**PROBLEM STATEMENT**: What is wanted is every line below from the one with "Pond plants - Stretched" up to and including the one with "Stupell Industries Simple", retyped exactly, pictures excluded, nothing else.
-------- RECORDS PROVIDED
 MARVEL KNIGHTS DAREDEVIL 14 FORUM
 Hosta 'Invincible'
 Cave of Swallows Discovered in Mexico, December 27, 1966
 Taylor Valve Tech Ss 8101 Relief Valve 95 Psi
----------------
-------- RECORDS PROVIDED
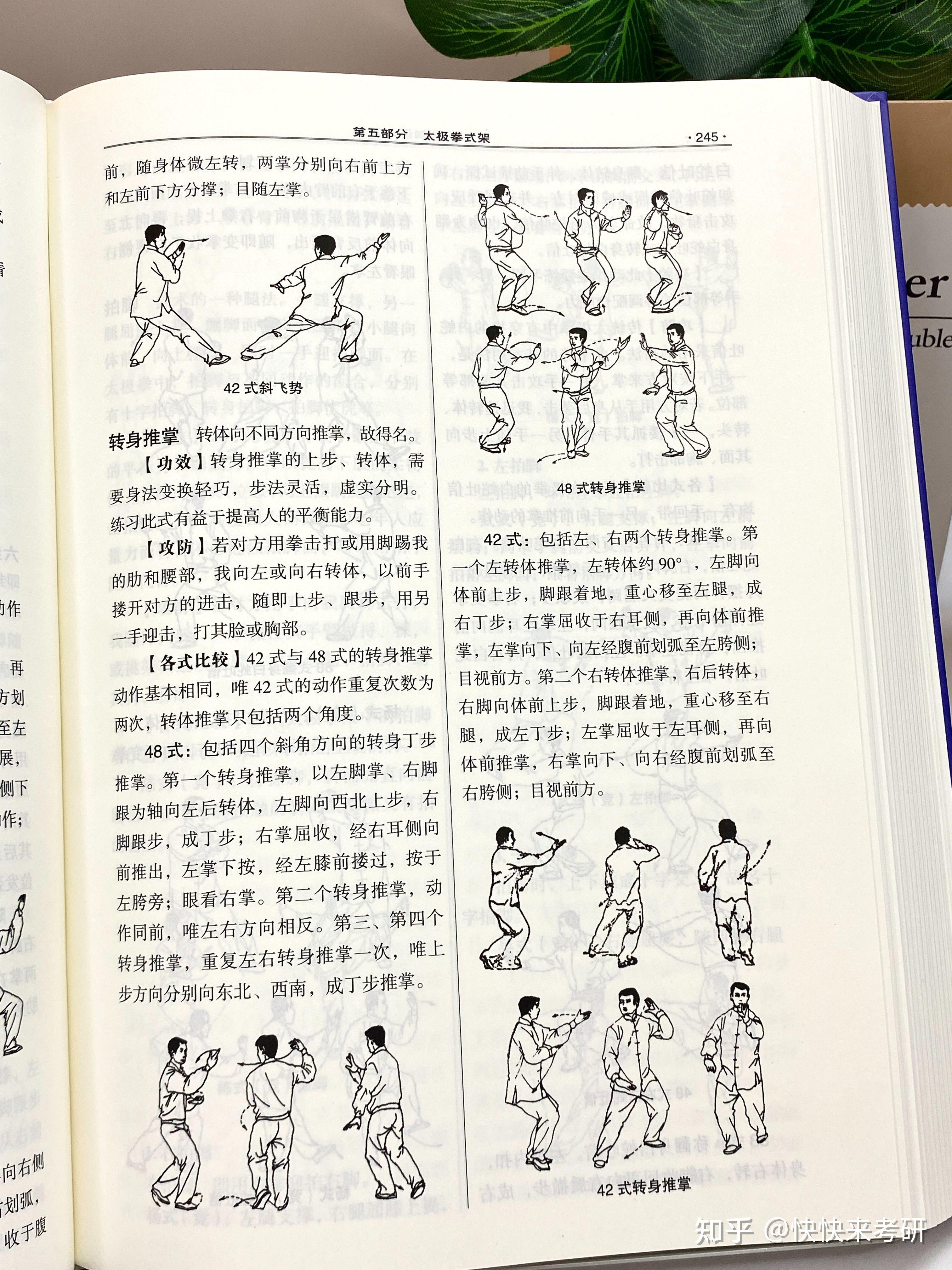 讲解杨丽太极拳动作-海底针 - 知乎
----------------
-------- RECORDS PROVIDED
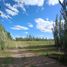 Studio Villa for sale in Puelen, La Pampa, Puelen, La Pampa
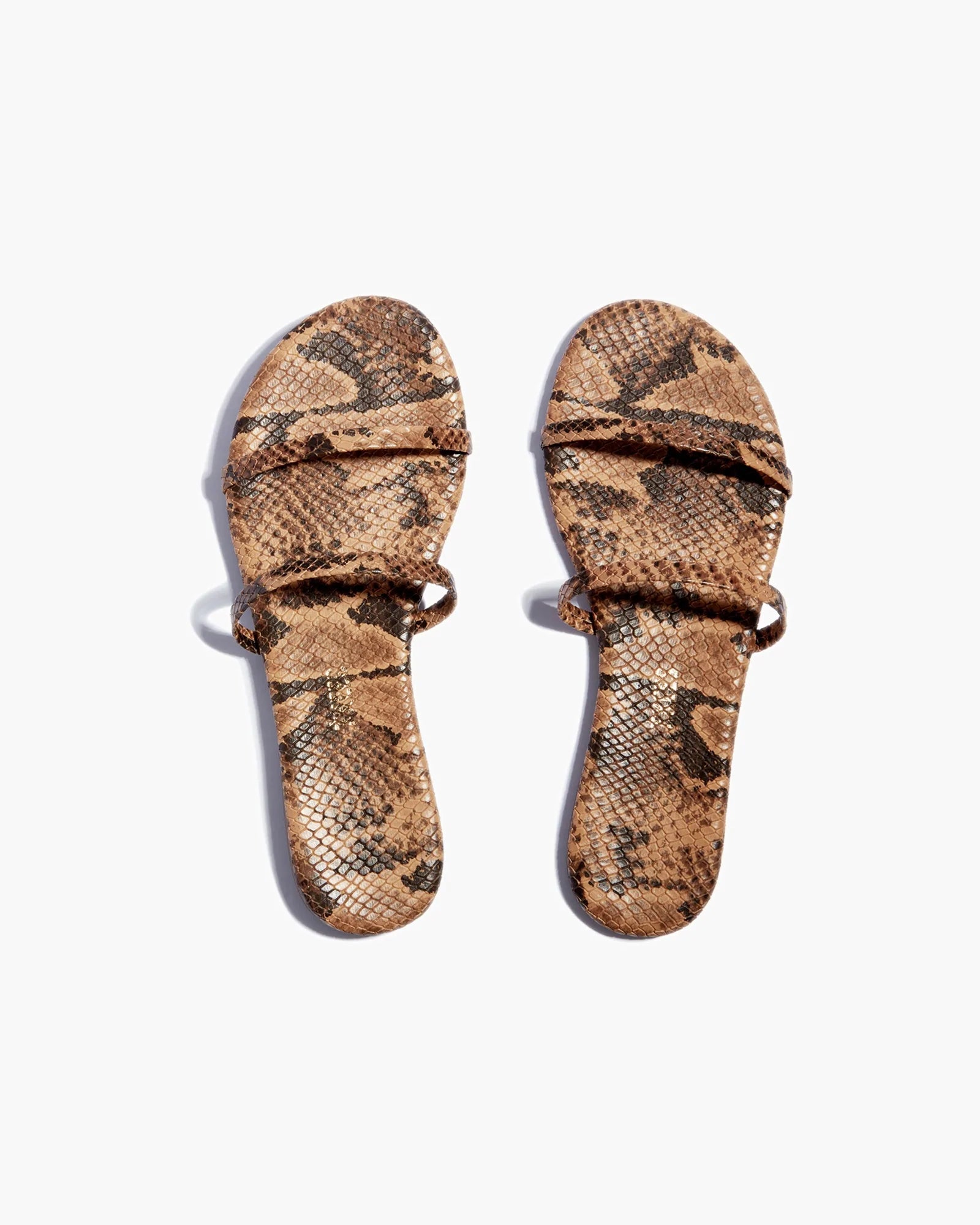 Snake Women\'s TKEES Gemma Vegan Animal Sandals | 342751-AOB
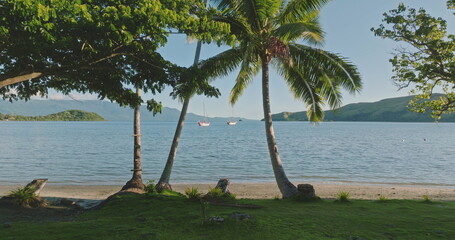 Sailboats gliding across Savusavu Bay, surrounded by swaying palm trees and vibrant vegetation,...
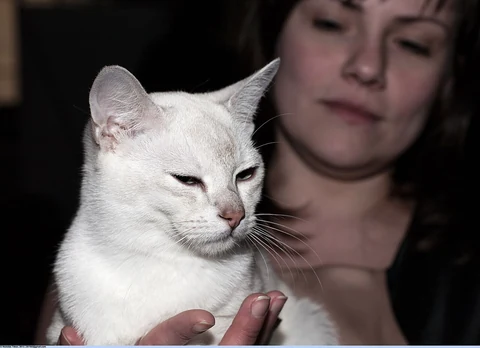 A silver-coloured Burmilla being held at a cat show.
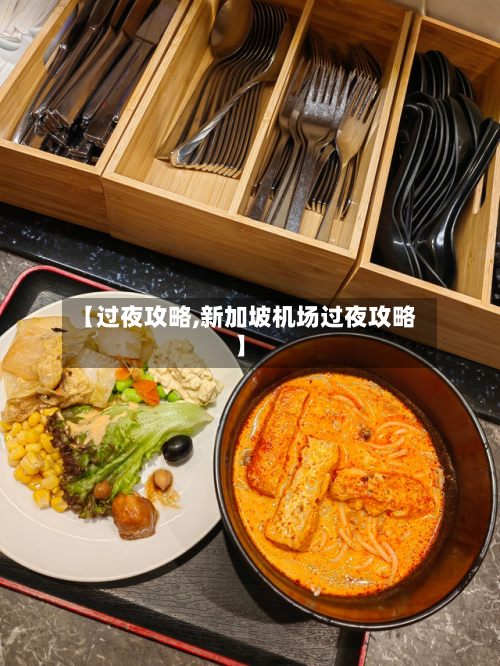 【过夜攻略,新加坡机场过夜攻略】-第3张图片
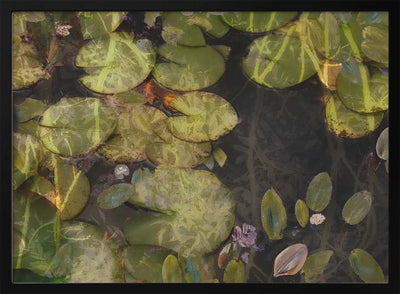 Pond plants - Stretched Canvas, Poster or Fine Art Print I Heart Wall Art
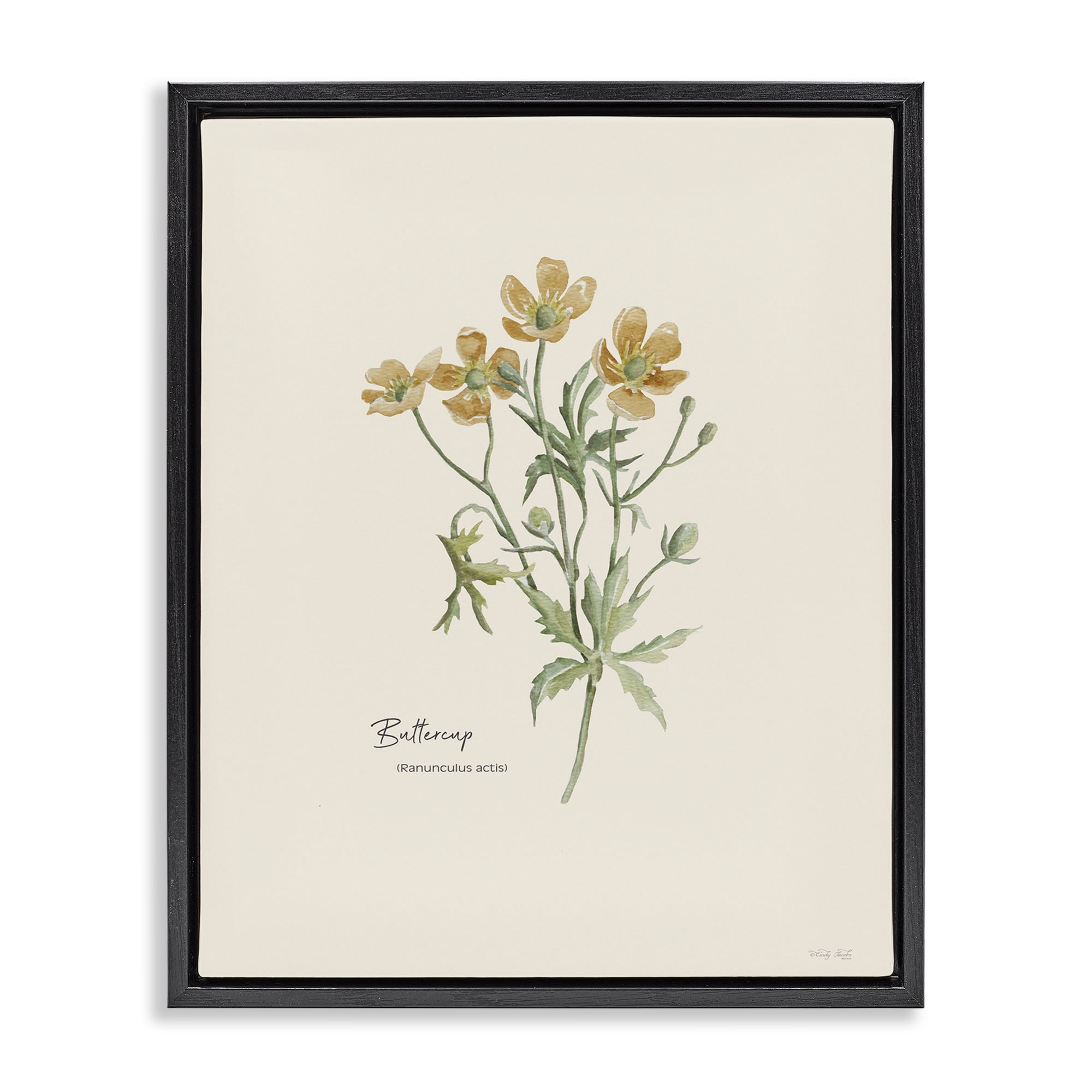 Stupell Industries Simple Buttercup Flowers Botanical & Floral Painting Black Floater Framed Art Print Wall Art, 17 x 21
----------------
**TASK RESPONSE**:
 Pond plants - Stretched Canvas, Poster or Fine Art Print I Heart Wall Art
 Stupell Industries Simple Buttercup Flowers Botanical & Floral Painting Black Floater Framed Art Print Wall Art, 17 x 21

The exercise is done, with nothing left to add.